The Irish Jewish Museum () is a small museum located in the once highly Jewish populated area of Portobello, around the South Circular Road, Dublin 8, dedicated to the history of the Irish Jewish community.

The museum was opened in June 1985 by Chaim Herzog who was then president of Israel and was born in Ireland. The museum is in a former Synagogue built in 1917 in two adjoining terraced houses on Walworth Road, off the South Circular Road. The surrounding area, known as Portobello, was previously a Jewish area, however the large scale emigration that affected Ireland in the 1950s had a particularly strong effect on the Jewish population; during this period there was a migration to the suburbs and Dublin's main synagogue shifted to Terenure. The synagogue is preserved, there are artifacts on display, and the museum houses genealogical records.

Contents and displays

The museum contains a substantial collection of memorabilia relating to the Irish Jewish communities and their various associations and contributions to present day Ireland. The material relates to the last 150 years and is associated with the communities of Belfast, Cork, Derry, Drogheda, Dublin, Limerick and Waterford.
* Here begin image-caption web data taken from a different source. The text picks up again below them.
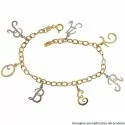 Bracciale Oro Giallo Bianco Nome Personalizzabile 803321736923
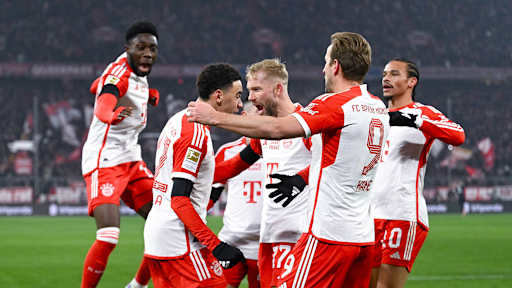 FC Bayern vs. Hoffenheim in the Bundesliga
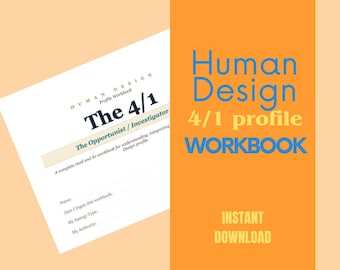Human Design 4/1 Profile Workbook | Opportunist Investigator Guide | Self Study PDF with Journal Prompts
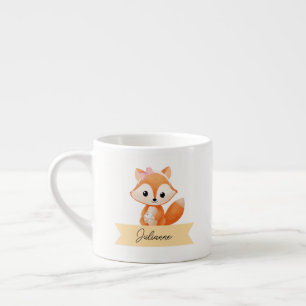 Xícara De Espresso Crianças da Fox Personalizadas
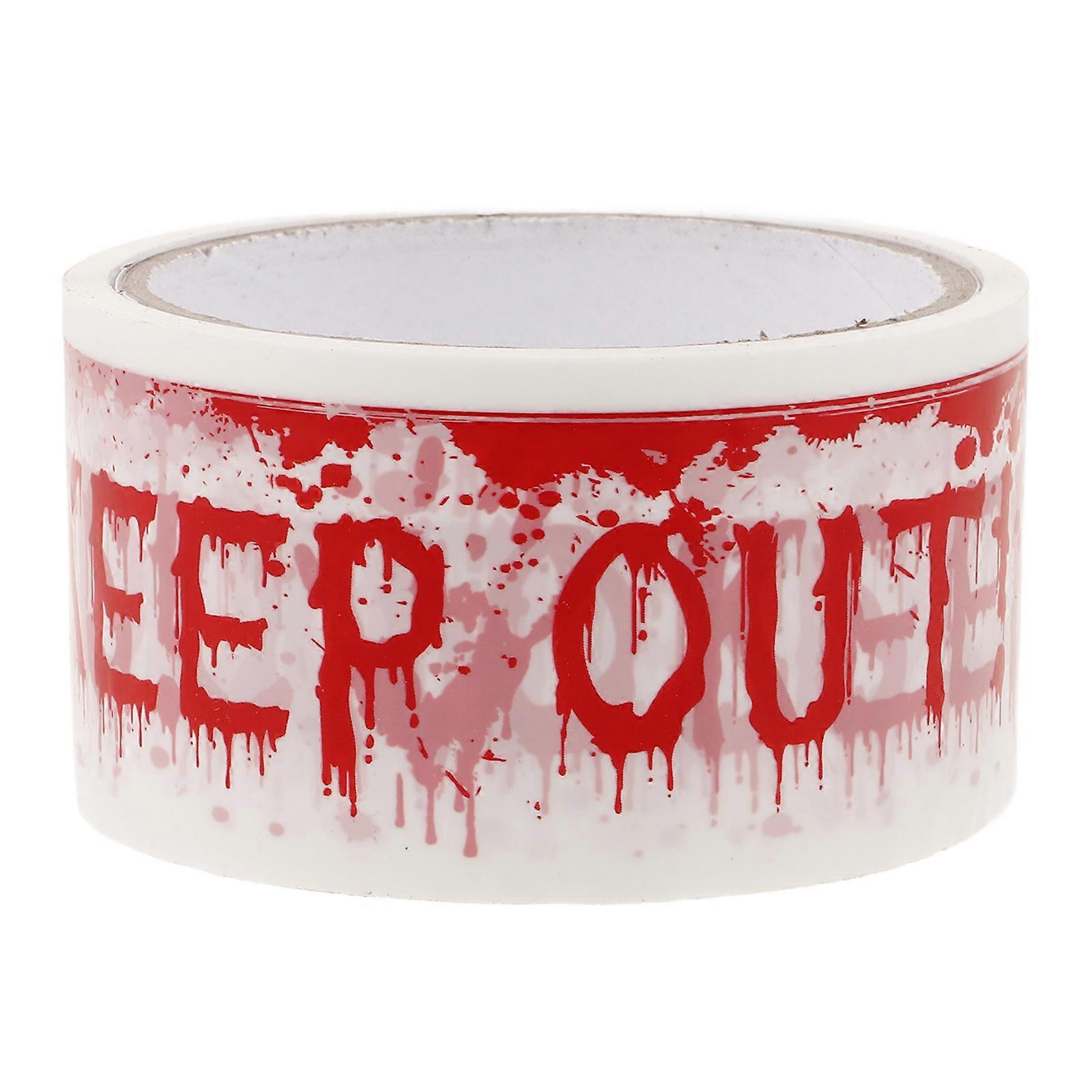 Halloween Party Caution Tape PVC Warning Strip for Warning 1 Roll Use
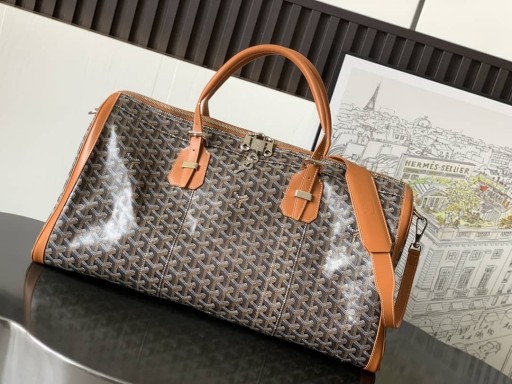 Sportowa torba Croisiere 50 Czarno -brązowy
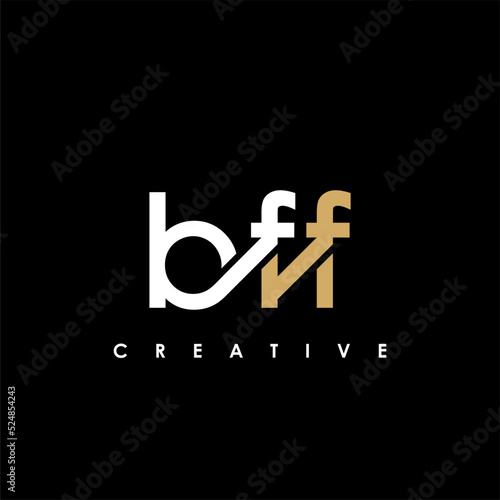 BFF Letter Initial Logo Design Template Vector Illustration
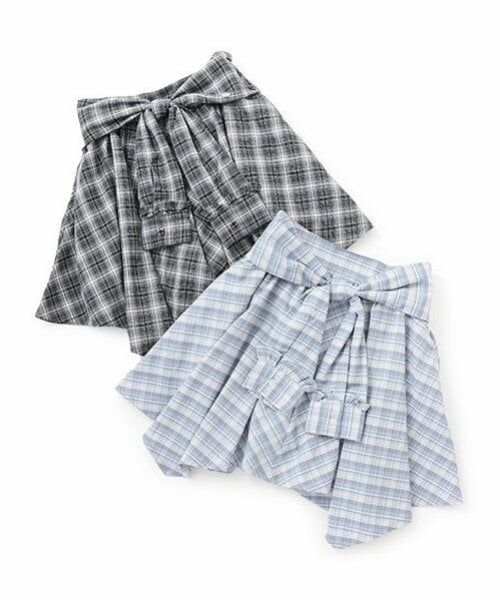 mezzo piano junior / メゾピアノジュニア ショート・ハーフ・半端丈パンツ | 結びシャツ風スカパン | 詳細17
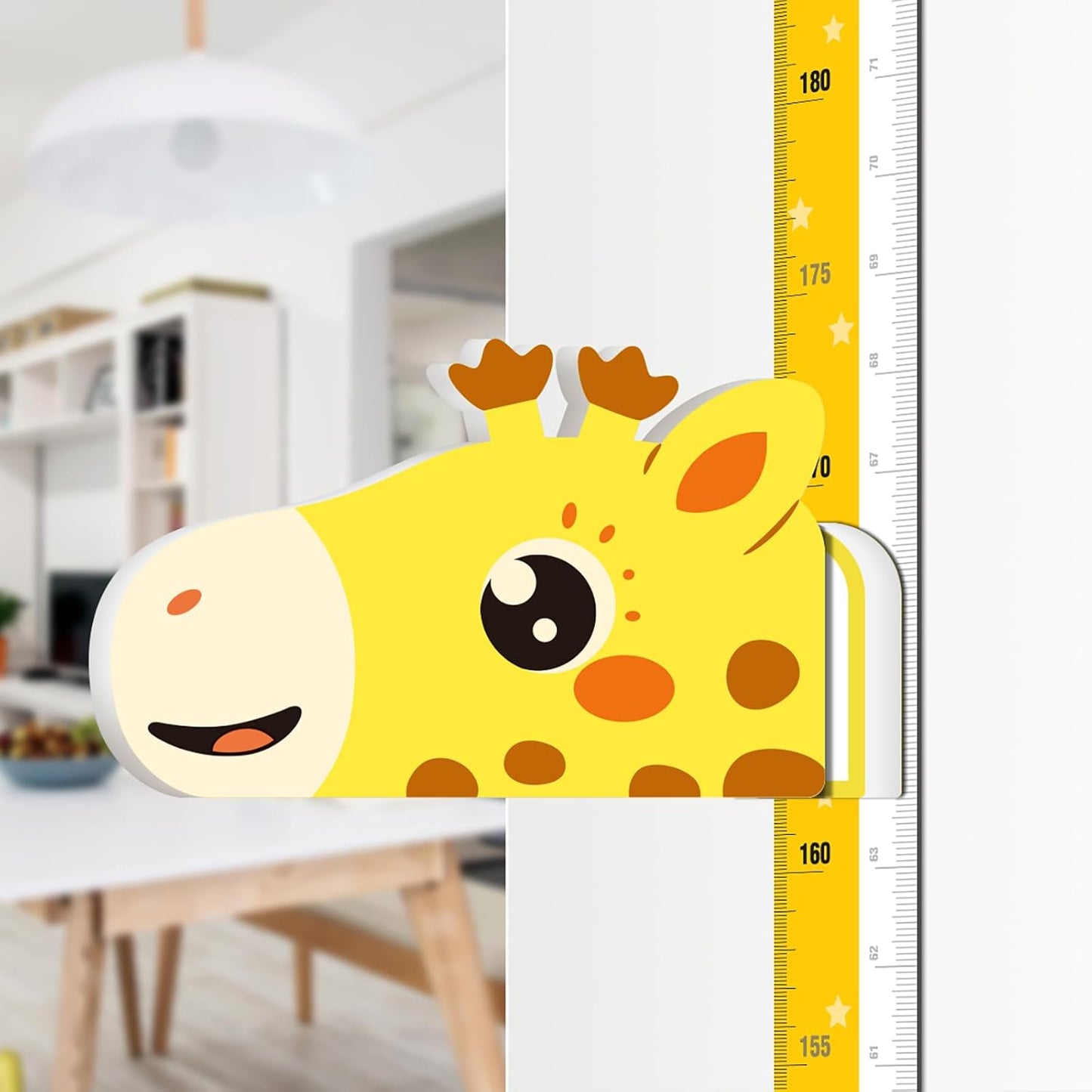 Kids Growth Chart Height Measure Wall Decal Animal Alphabet Stickers Giraffe Design Removable Wall Decorations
The museum is divided into several distinct areas. In the entrance area and corridors there is a display of photographs, paintings, certificates and testimonials. The ground floor contains a general display relating to the commercial and social life of the Jewish community. A special feature adjoining the area is the kitchen depicting a typical Sabbath/Festival meal setting in a Jewish home in the late 19th/early 20th century in the neighbourhood.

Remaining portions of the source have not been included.